DE is conventionally represented by DE/a/b/c, in which DE is for differential evolution, a denotes the vector to be perturbed, b stands for the number of differential for the perturbation of a, and c stands for the type of crossover to be used such as bin: binomial, exp: exponential. The evolutionary process of this algorithm comprises mutation, crossover and selection. This algorithm has eight types of mutation operators presented from Eqs. 1219, which have individual traits (Liu et al., 2020). The three mutation operators which are selected in this MODE are “DE/rand/1”, “DE/best/1” and “DE/current-to-pbest/1” shown in Eqs. 12, 13, and 19, respectively. “DE/rand/1” is recognized to have the best exploration property (Zhao et al., 2016) whereas, “DE/best/1” has the best exploitation property (Wisittipanich & Kachitvichyanukul, 2012).
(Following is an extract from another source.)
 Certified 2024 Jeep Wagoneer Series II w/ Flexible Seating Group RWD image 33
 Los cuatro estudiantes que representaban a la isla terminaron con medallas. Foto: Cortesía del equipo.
The balance between these two characteristics in the evolutionary process is ensured by “DE/current-to-pbest/1” (Liu et al., 2020). These three mutation operators are combined in DE and known as MODE in this study.

$$\begin{aligned} \text {DE/rand/1:} \mathbf {M}_{l}^G= & {} \mathbf {x}_{r_{1}}^G+F\times (\mathbf {x}_{r_{2}}^G-\mathbf {x}_{r_{3}}^G) \end{aligned}$$
(12)
$$\begin{aligned} \text {DE/best/1:} \quad \mathbf {M}_{l}^G= & {} \mathbf {x}_{best}^G+F(\mathbf {x}_{r_{1}}^G-\mathbf {x}_{r_{2}}^G) \end{aligned}$$
(13)
$$\begin{aligned} \text {DE/current/1:}\quad \mathbf {M}_{l}^G= & {} \mathbf {x}_{l}^G+F(\mathbf {x}_{r_{1}}^G-\mathbf {x}_{r_{2}}^G) \end{aligned}$$
(14)
$$\begin{aligned} \text {DE/current-to-best/1:}\quad \mathbf {M}_{l}^G= & {} \mathbf {x}_{l}^G+F(\mathbf {x}_{best}^G-\mathbf {x}_{l}^G)\nonumber \\&+F(\mathbf {x}_{r_{1}}^G-\mathbf {x}_{r_{2}}^G) \end{aligned}$$
(15)
$$\begin{aligned} \text {DE/rand/2:}\quad \mathbf {M}_{l}^G= & {} \mathbf {x}_{r_{1}}^G+F(\mathbf {x}_{r_{2}}^G-\mathbf {x}_{r_{3}}^G)\nonumber \\&+F(\mathbf {x}_{r_{4}}^G-\mathbf {x}_{r_{5}}^G) \end{aligned}$$
(16)
$$\begin{aligned} \text {DE/best/2:}\quad \mathbf {M}_{l}^G= & {} \mathbf {x}_{best}^G+F(\mathbf {x}_{r_{1}}^G-\mathbf {x}_{r_{2}}^G)\nonumber \\&+F(\mathbf {x}_{r_{3}}^G-\mathbf {x}_{r_{4}}^G) \end{aligned}$$
(17)
$$\begin{aligned} \text {DE/current-to-rand/1:}\quad \mathbf {M}_{l}^G= & {} \mathbf {x}_{l}^G+F(\mathbf {x}_{r_{1}}^G-\mathbf {x}_{l}^G)\nonumber \\&+F(\mathbf {x}_{r_{2}}^G-\mathbf {x}_{r_{3}}^G) \end{aligned}$$
(18)
$$\begin{aligned} \text {DE/current-to-pbest/1:}\quad \mathbf {M}_{l}^G= & {} \mathbf {x}_{l}^G+F(\mathbf {x}^{G}_{best,p}-\mathbf {x}_{l}^G)\nonumber \\&+F(\mathbf {x}_{r_{1}}^G-\tilde{\mathbf {x}}_{r_{2}}^G) \end{aligned}$$
(19)

It is noted that in Eq. 12, \(\mathbf {x}_{r_{1}}\ne \mathbf {x}_{r_{2}}\ne \mathbf {x}_{r_{3}}\) are randomly selected from the current population and these operators are also different from the target vector \(\mathbf {x}_{l}^G\). \(\mathbf {x}^{G}_{best,p}\) in Eq. 13 is chosen from the top \(15\%\) of individuals belonged to the current population and \({\tilde{\mathbf {x}}}_{r_{2}}^G\) in Eq. 19 is taken from the union of current population and archive of pbest. F is scale factor, which leads to convergence speed and the population diversity (Sallam et al., 2020). Moreover, the trial vector \(\mathbf {T}_{l}^G\) is obtained by recombining a mutant vector \(\mathbf {M}_{l}^G\) and a target vector \(\mathbf {x}_{l}^G\), as shown in Eq. 4. The produced trial vector is evaluated and compared with the target vector based on the fitness value. The trial vector is assigned to the target vector if the fitness value is lower in the trial vector for the minimization problem, as depicted in Eq. 6.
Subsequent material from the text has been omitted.